Investment houses must deploy more resources in this detailed analysis, as risks continue to increase, she suggested. “This is clearly something we need to spend more time on in future because we will look at a world that is shifting considerably.”

Part of this task involves identifying major “inflection points” in economies and markets, including a recent shift in the interest rate cycle, which market participants still underestimate. Surveying the packed, youthful audience of investment professionals, Ms Laud pointedly asked: “Look around  at your investment teams – how many of you have never seen interest rates above zero? I bet it’s quite a few.”

The poor level of analysis at top institutions was highlighted by Peter Branner, chief investment officer at Abrdn, responsible for £500bn ($640bn) in client assets. “We are extremely bad at forecasting,” he said, struggling to “see the turn” and judge the peaks, referring to the mass industry-wide calculation at the end of 2022 that equity markets would plummet, which ended up “pretty wrong”.

The next challenge, he said, lies in identifying the “technology shift which will create a lot of opportunities” for investment houses able to pick industry sectors adapting to transformation.

These hurdles sit alongside diversification difficulties of a new world where bonds and equities often move in tandem. “Diversification only works until it doesn’t,” said Mr Branner, drawing attention to the thorny issue of liquidity, which investors in the burgeoning private assets class may suffer from if “forced selling” becomes necessary in a crisis mirroring 2008.

Modern portfolio theory

Key to the discussion was the legacy left by Nobel Prize winning economist and market scientist Harry Markowitz, inventor of modern portfolio theory at the University of Chicago in the 1950s, who died several days before the forum.

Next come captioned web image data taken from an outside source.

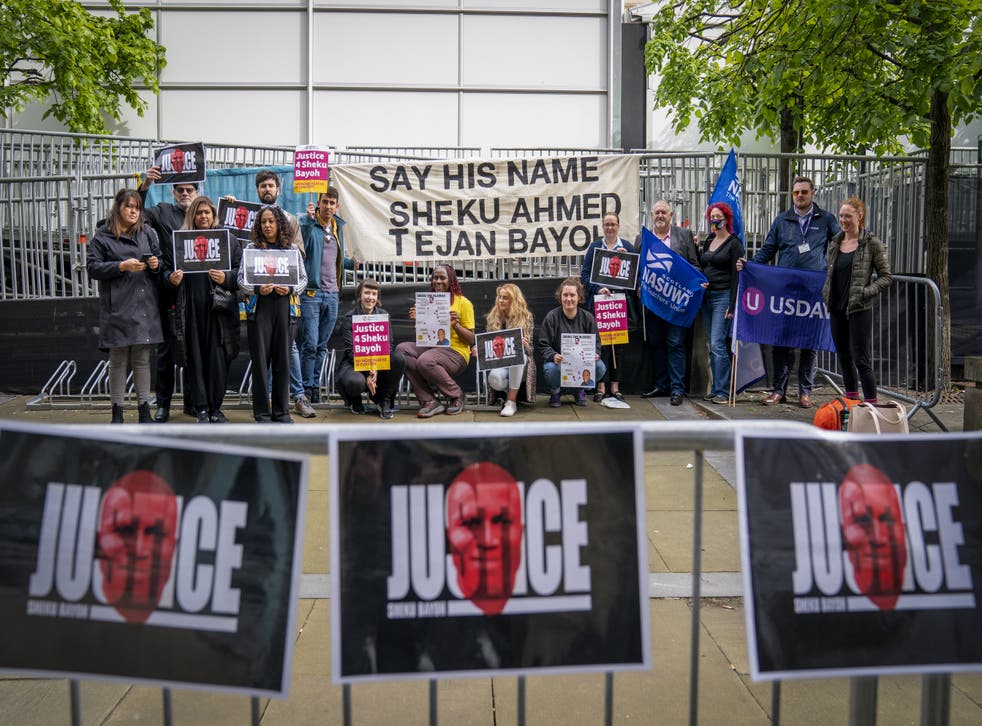 Anti-racism protesters have demonstrated outside the inquiry (Jane Barlow/PA)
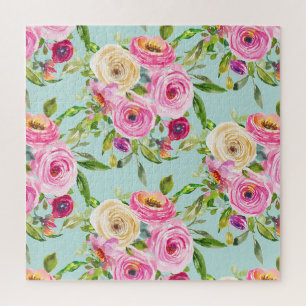 Aquarelrozen in Roze en Crème op Aqua Legpuzzel
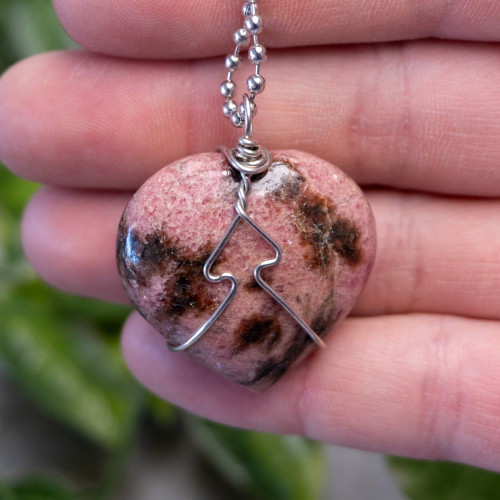 Rhodonite Heart Wire Wrap #1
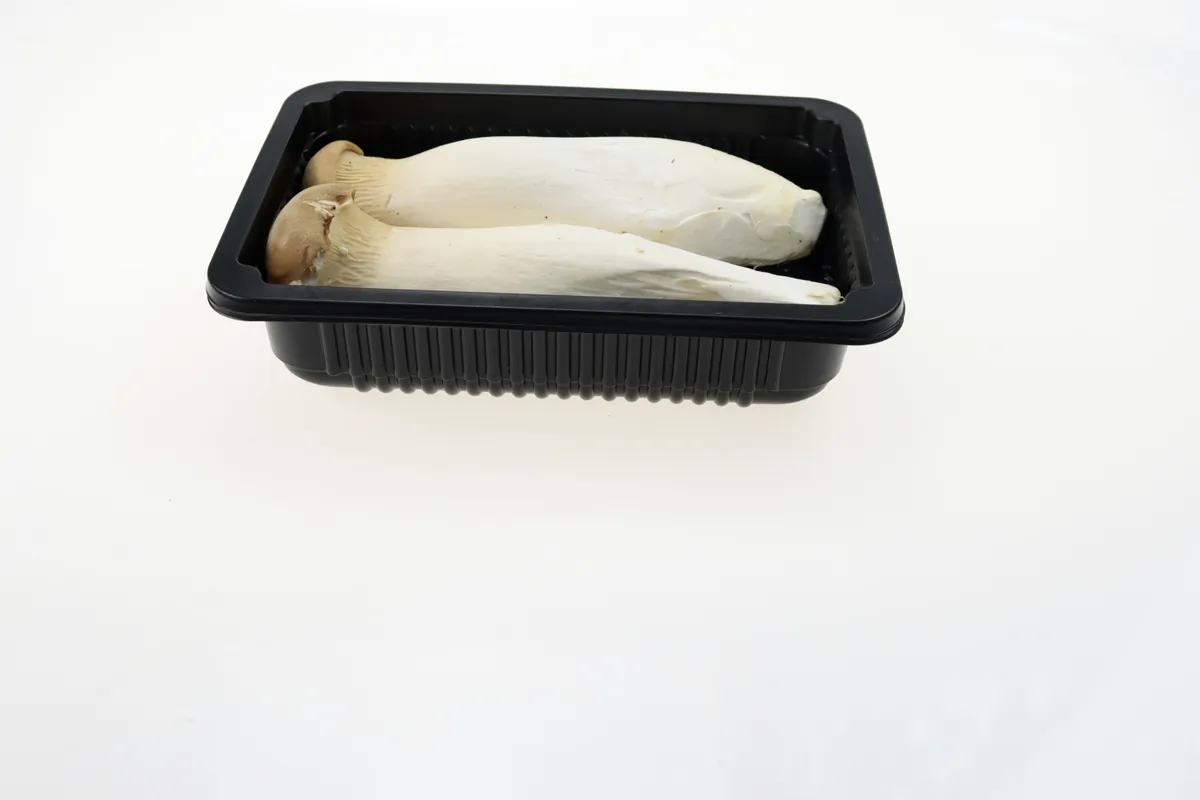 Complete black produce tray holding mushrooms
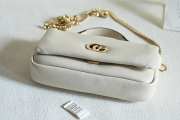 Uubags Gucci GG Marmont Small Top Handle Bag in White Leather 21x12.5x4.6cm - 4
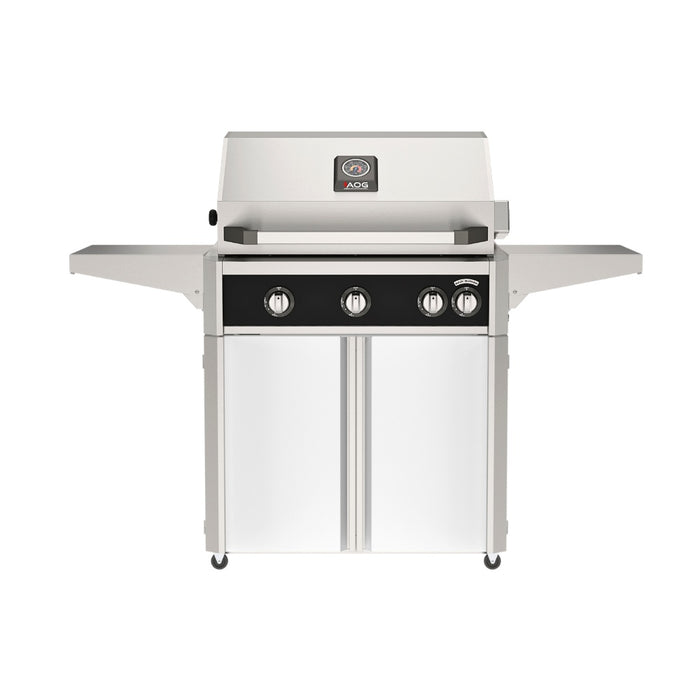 American Outdoor Grill 30" L-Series Portable Gas Grill with black accent and white accent panel cart base, large analog thermometer and push-button electronic ignition with backlit comfort-touch control knobs.
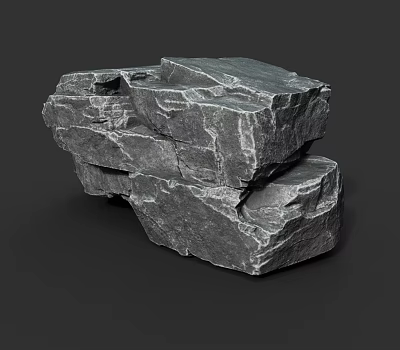 Layered Natural Rock Formation With Textured Surface And Rough Edges 3d model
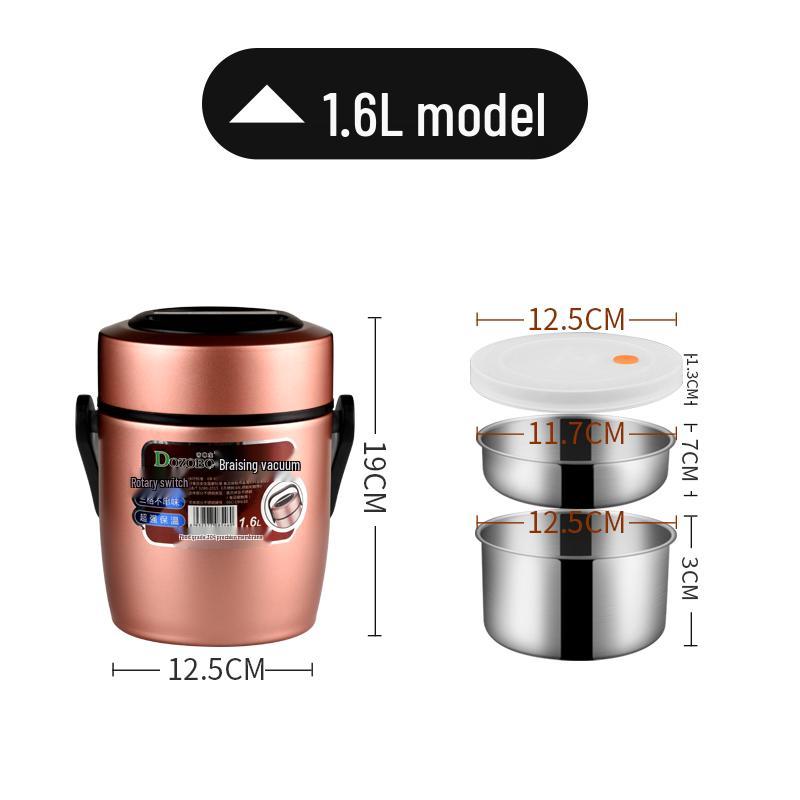 

Portable 304 Stainless Steel Vacuum Insulated Lunch Box with Double Layer for Long Heat Retention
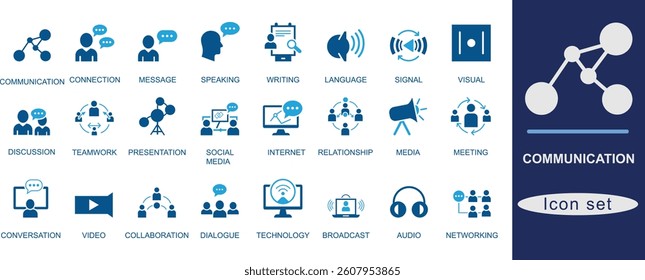 Communication best icon set. Communication, Connection, Discussion, Message, Writing, Conversation, Broadcast, Dialogue.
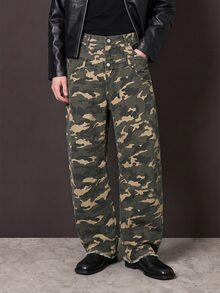 Manfinity Denimwave Men's Adjustable Waist Camouflage Barrel Leg Pants, Streetwear Style Camo Sweats - Multicolor - View 2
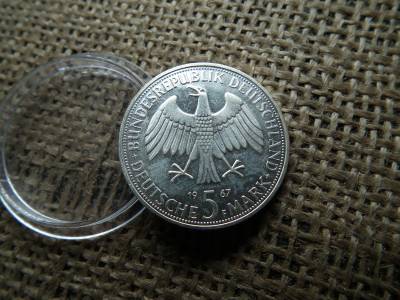 Németország , ezüst 5 márka 1967 F , Deutsche Mark Wilhelm and Alexander von Humboldt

Significantly, many investment houses and most private banks still base their asset allocation models on Mr Markowitz’s theories, which suggest there is an optimal allocation between bonds and equities for each investment portfolio. While panelists praised the simplicity of the model and its central assumption that increased risk generates portfolio returns, Mr Rajan questioned the theory’s validity and its continued centrality in portfolio management.

“His framework was so elegant, that it made investing seem a little bit more simple than it really was in those days,” said Mr Rajan, drawing the room’s attention to the fact that the model looked only at one specific time period. “That kind of world didn’t exist then and it certainly doesn’t exist now.”

While Mr Rajan revealed he has “received death threats” from portfolio theory purists since authoring a paper questioning the model’s assumptions, he bears no ill will to the financial fundamentalists.

“I think it is a starting point in investment theory that was probably as good as we could have had. And his idea about the efficiency frontier was probably a big contribution to investment theory. But is it very relevant today? I don't think so. That's my personal view.”